Where the issuer of an asset-linked security accounts separately for the derivative, CTA09/S585 provides for the derivative element to be taxed under the derivative contracts rules of CTA09/PART7. Here, debits and credits arising from a CFD are normally brought into account as income. However, S658 applies instead to a derivative contract of a company for an accounting period if each of the following conditions is met:

  • Condition A: The contact is a relevant contract to which the company is treated as a party under S585(2) because of a debtor relationship of the company (so it applies to issuers).
  • Condition B: The contract is treated as a CFD by S585(3) and is not within S652.
  • Condition C: The contract is an ‘exactly tracking contract’, as defined under S657. See CFM55480 for an explanation of ‘exactly tracking’ and example.
  • Condition D: The USM of the contract is shares.
  • Condition E: at the time when the company became a party to the debtor relationship it was not carrying on a banking business or a business as a securities house, or if it was carrying on such a business, it did not become a party to the debtor relationship in the ordinary course of that business.
  • Condition F: The company must not be an authorised unit trust, an investment trust, an open-ended investment company or a venture capital trust (these are ‘excluded bodies’ as defined under CTA09/S706).

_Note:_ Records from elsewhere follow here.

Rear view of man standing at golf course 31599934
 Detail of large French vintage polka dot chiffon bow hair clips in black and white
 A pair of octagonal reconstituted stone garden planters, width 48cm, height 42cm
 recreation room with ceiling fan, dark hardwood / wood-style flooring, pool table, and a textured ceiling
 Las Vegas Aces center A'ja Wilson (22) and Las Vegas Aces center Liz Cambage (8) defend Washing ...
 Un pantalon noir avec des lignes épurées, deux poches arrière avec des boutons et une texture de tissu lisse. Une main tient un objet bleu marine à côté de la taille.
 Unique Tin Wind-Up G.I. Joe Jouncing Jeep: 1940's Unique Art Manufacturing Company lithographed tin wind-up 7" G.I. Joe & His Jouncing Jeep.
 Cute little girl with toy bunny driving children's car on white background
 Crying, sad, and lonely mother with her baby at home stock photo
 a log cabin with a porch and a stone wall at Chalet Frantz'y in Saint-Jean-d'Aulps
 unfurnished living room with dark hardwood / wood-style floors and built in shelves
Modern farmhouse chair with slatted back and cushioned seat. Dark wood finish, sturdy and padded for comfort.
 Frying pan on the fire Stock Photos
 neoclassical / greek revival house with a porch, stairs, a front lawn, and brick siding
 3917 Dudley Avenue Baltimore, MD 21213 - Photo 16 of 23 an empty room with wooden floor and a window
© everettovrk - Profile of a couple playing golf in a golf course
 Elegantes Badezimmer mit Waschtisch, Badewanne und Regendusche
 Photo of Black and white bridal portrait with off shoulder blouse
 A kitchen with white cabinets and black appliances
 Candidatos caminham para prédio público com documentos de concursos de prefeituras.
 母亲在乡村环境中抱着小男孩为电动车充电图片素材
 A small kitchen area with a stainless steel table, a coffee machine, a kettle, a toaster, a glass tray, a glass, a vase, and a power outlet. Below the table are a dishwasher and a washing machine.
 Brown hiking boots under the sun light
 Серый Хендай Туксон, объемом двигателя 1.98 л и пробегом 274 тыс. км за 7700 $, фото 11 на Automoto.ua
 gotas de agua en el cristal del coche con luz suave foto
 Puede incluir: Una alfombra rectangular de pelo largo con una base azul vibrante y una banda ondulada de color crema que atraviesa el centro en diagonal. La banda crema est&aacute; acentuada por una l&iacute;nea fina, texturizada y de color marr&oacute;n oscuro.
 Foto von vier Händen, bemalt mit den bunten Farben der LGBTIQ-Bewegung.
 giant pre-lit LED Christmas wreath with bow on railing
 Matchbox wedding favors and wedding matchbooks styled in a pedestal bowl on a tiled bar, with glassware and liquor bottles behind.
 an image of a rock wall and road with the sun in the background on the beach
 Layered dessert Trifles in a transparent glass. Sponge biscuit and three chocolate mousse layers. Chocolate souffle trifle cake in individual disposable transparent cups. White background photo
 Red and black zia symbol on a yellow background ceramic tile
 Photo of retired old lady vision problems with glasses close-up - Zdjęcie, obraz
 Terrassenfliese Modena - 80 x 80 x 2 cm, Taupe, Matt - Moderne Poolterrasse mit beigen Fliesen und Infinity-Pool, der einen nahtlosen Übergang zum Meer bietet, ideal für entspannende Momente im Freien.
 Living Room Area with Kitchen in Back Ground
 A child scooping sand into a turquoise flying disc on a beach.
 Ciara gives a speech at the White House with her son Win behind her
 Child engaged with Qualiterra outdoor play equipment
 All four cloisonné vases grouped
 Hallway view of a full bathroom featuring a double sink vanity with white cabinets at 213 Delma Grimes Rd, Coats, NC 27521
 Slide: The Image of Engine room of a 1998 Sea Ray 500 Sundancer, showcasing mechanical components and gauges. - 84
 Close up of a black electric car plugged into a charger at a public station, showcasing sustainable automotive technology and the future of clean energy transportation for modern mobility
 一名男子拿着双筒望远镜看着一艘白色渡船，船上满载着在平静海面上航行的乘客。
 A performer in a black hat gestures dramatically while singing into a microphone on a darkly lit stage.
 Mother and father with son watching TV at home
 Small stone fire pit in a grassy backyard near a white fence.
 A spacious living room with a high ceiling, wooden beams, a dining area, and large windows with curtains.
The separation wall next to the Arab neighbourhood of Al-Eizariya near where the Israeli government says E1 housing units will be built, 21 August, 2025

Where the above conditions are met, S573 and S574 do not apply to the relevant credits and debits. Instead, S658 taxes/allows a normal CG gain/loss on the discharge of the company’s obligations under the original relationship. It treats the embedded CFD as if it were an asset. The disposal proceeds are the proceeds from the issue of the original relationship the whole security, and the cost is the amount to discharge the obligations of the whole security. So there is a one-off chargeable gain or allowable loss in the period in which the debtor relationship comes to an end.

If the contract is not an ‘exactly tracking contract’, the normal CTA09/Part 7 debit and credit rules apply for the issuer, as for the holder.

For the periods beginning on or after 1 January 2005 and ending before 16 March 2005, capital gains treatment was denied where the derivative contract was one to which any of FA02/SCH26/PARAS 6 to 8 applied. These paragraphs were repealed for accounting periods ending on or after 16 March 2005.